Table 1. CCSID 943 Shift-JIS code point conversion
Character name (Unicode code point) IBM primary Shift-JIS code point Microsoft Shift-JIS primary code point
Roman numeral one (U+2160) X'FA4A' X'8754'
Roman numeral two (U+2161) X'FA4B' X'8755'
Roman numeral three (U+2162) X'FA4C' X'8756'
Roman numeral four (U+2163) X'FA4D' X'8757'
Roman numeral five (U+2164) X'FA4E' X'8758'
Roman numeral six (U+2165) X'FA4F' X'8759'
Roman numeral seven (U+2166) X'FA50' X'875A'
Roman numeral eight (U+2167) X'FA51' X'875B'
Roman numeral nine (U+2168) X'FA52' X'875C'
Roman numeral ten (U+2169) X'FA53' X'875D'
Parenthesized ideograph stock (U+3231) X'FA58' X'878A'
Numero sign (U+2116) X'FA59' X'8782'
Telephone sign (U+2121) X'FA5A' X'8784'

IBM products such as Db2® database manager primarily use IBM code points, for example X'FA4A', to present the upper case Roman numeral I, but Microsoft products use X'8754' to represent the same character. A Microsoft ODBC application can insert the I character as X'8754' into a Db2 database of CCSID 943, and the IBM Data Studio can insert the same character as X'FA4A' into the same CCSID 943 database. However, Microsoft ODBC applications can find only those rows that have I encoded as X'8754', and the IBM Data Studio can locate only those rows that have encoded I as X'FA4A'. To enable the IBM Data Studio to select I as X'8754', you need to replace the default IBM conversion table from Unicode to CCSID 943 with the alternate Microsoft conversion table provided by the Db2 database manager.

Problem 2:

The following list of characters, when converted from CCSID 943 to Unicode, will result in different code points depending on whether the IBM conversion table or the Microsoft conversion table is used. For these characters, the IBM conversion table conforms to the character names as specified in the Japanese Industry Standard JISX0208, JISX0212, and JISX0221.

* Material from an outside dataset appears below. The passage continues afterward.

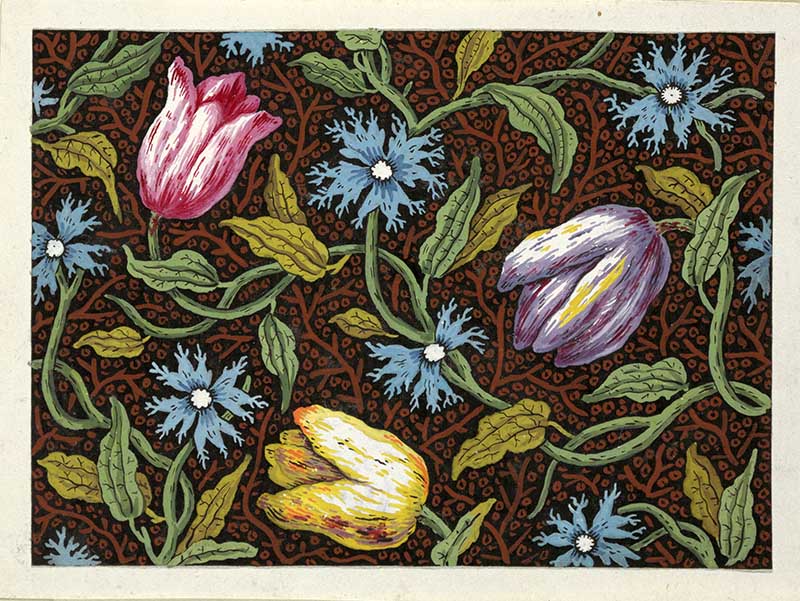 vintage floral patterns Pink, purple and yellow tulips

Table 2. CCSID 943 to Unicode code point conversion
Shift-JIS code point (character name) IBM primary code point (Unicode name) Microsoft primary code point (Unicode name)
X'815C' (EM Dash) U+2014 (EM Dash) U+2015 (Horizontal Bar)
X'8160' (Wave Dash) U+301C (Wave Dash) U+FF5E (Fullwidth Tilde)
X'8161' (Double vertical line) U+2016 (Double vertical line) U+2225 (Parallel To)
X'817C' (Minus sign) U+2212 (Minus sign) U+FF0D (Fullwidth hyphen-minus)
X'FA55' (Broken bar) U+00A6 (Broken bar) U+FFE4 (Fullwidth broken bar)

For example, the character EM dash with the CCSID 943 code point of X'815C' is converted to the Unicode code point U+2014 when using the IBM conversion table, but is converted to U+2015 when using the Microsoft conversion table. This can create potential problems for Microsoft ODBC applications because they would treat U+2014 as an invalid code point. To avoid these potential problems, you need to replace the default IBM conversion table from CCSID 943 to Unicode with the alternate Microsoft conversion table provided by the Db2 database manager.

The use of the alternate Microsoft conversion tables between CCSID 943 and Unicode should be restricted to closed environments, where the Db2 clients and the Db2 databases that are running CCSID 943 and are all using the same alternate Microsoft conversion tables. If you have a Db2 client using the default IBM conversion tables and another client using the alternate Microsoft conversion tables, and both clients are inserting data to the same Db2 database of CCSID 943, the same character may be stored as different code points in the database.